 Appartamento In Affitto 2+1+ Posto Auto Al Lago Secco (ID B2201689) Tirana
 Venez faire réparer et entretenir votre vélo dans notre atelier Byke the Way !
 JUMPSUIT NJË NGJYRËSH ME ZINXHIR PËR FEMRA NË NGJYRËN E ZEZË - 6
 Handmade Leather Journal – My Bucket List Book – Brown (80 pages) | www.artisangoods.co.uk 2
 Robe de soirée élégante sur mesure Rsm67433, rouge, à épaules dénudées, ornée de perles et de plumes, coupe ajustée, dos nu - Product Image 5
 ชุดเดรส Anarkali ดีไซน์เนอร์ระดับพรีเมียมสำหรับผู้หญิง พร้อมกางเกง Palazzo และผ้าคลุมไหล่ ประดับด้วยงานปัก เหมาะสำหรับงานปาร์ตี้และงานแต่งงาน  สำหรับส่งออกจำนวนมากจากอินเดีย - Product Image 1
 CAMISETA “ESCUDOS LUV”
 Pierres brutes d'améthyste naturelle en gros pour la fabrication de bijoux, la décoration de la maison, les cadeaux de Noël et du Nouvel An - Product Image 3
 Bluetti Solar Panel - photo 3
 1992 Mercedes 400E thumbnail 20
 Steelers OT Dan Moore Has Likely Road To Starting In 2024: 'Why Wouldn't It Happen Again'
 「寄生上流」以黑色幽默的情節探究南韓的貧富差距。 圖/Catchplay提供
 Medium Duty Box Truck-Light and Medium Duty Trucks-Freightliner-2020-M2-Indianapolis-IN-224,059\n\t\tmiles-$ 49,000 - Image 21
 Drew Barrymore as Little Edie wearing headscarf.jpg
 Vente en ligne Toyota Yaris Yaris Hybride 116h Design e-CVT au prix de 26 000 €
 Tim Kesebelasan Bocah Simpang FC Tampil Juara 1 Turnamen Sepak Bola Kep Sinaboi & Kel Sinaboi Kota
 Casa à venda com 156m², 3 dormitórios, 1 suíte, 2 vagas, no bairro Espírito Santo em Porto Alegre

_ _ _ _ _ _ _

__Exercise description__.
What is wanted is every line from the first line of the entries through the line that contains "Handmade Leather Journal", given again exactly.

__The completed task__.
 Appartamento In Affitto 2+1+ Posto Auto Al Lago Secco (ID B2201689) Tirana
 Venez faire réparer et entretenir votre vélo dans notre atelier Byke the Way !
 JUMPSUIT NJË NGJYRËSH ME ZINXHIR PËR FEMRA NË NGJYRËN E ZEZË - 6
 Handmade Leather Journal – My Bucket List Book – Brown (80 pages) | www.artisangoods.co.uk 2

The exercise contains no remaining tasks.